July 10th, 2008 - 11:07am ET


--------------------------------------------------------------------------------

Don't just listen to what me and Sara have to say about the infrastructure crisis. Here's a Tocqueville from Britain:

To my American readers: please do not get too angry with me when I say this, but the rapidity of the deterioration of your country's infra structures often reminds me of an extensive tour of the Soviet Union I undertook in 1986 - when I saw for myself, in places such as industrial Ukraine and Siberia and St Petersburg, that the Soviet Union had already had its day. For just as Bill and I were having our grim conversation early that Friday morning - and unknown to either of us at the time - the heart of the capital of the most powerful nation on earth, less than a mile from where we stood, had been plunged into the kind of chaos one might envisage in, say, New Delhi on a very, very bad day.

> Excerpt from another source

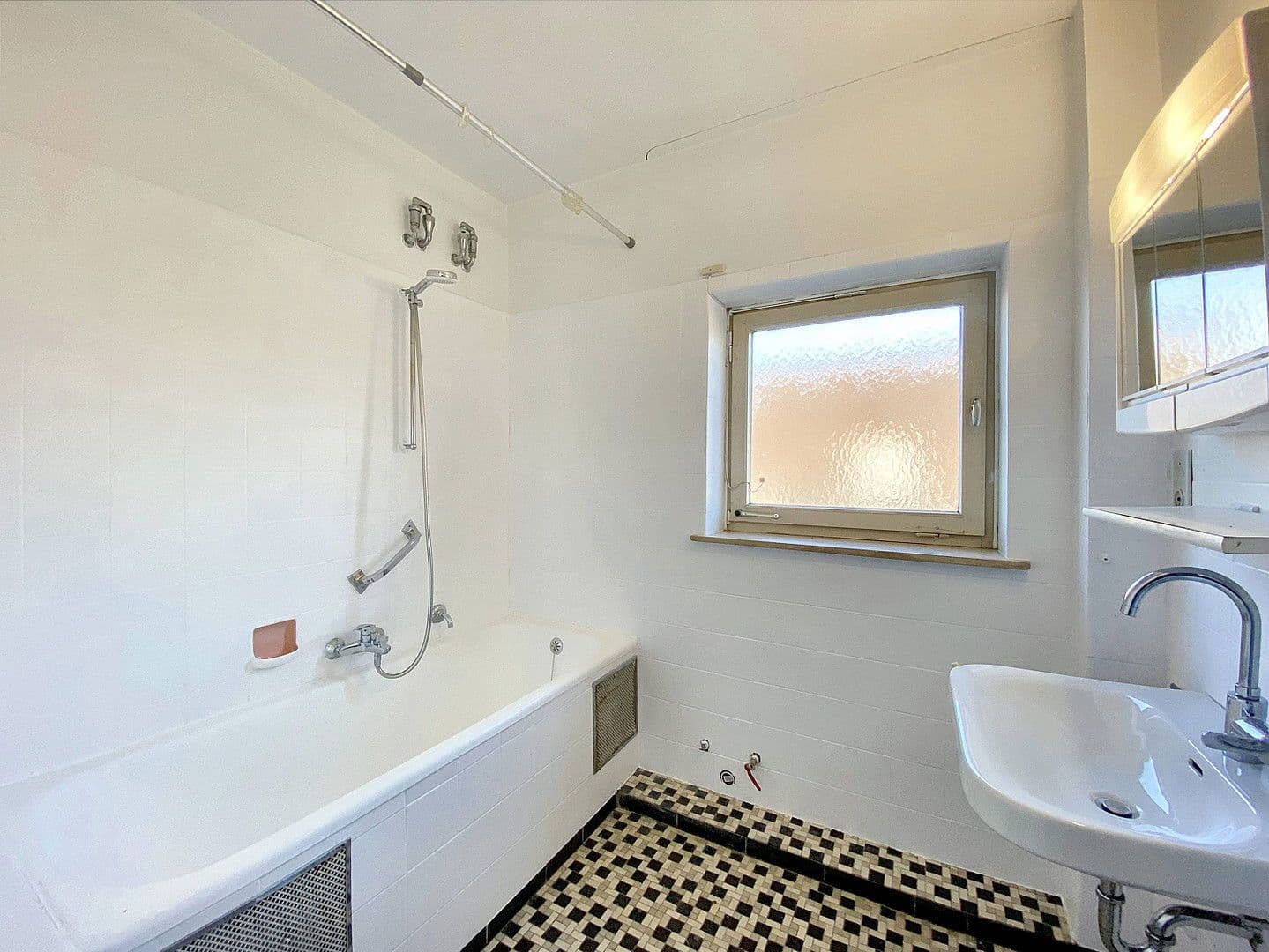 Pronájem bytu 1+1 19 m², Görzer Str. 138a, München, Bavorsko Pronájem bytu 1+1 19 m², Görzer Str. 138a, München, Bavorsko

Because of the temperature, an underground train had earlier derailed as a result of what was described as a "heat-buckle" on the tracks. Two separate fires on the subway system were then triggered that morning by faulty "stud bolts". Terrified, sweaty commuters sprinted up stationary escalators while, from above, all they could hear was ambulance, police and fire sirens zigzagging frantically around them.

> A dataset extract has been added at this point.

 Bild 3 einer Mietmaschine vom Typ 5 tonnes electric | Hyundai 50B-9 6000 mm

In the meantime, a switch in an electrical sub-station sizzled out, cutting power throughout central Washington - including, yes, the White House. "It was like each man for himself . . . like a third world country," next day's Washington Post quoted 34-year-old David Zaidain, "a city planner who was stunned by the level of anarchy he encountered while walking to work", as saying. Pedestrians were struck by cars at junctions where traffic lights were not working (although, miraculously, nobody was killed).

That one fused switch alone left 12,000 customers - which, in power company terminology, can mean one family house or a block of offices with thousands of workers - without power, the very prospect of which sent wealthy Washingtonians scurrying to book cool rooms or suites at the Four Seasons.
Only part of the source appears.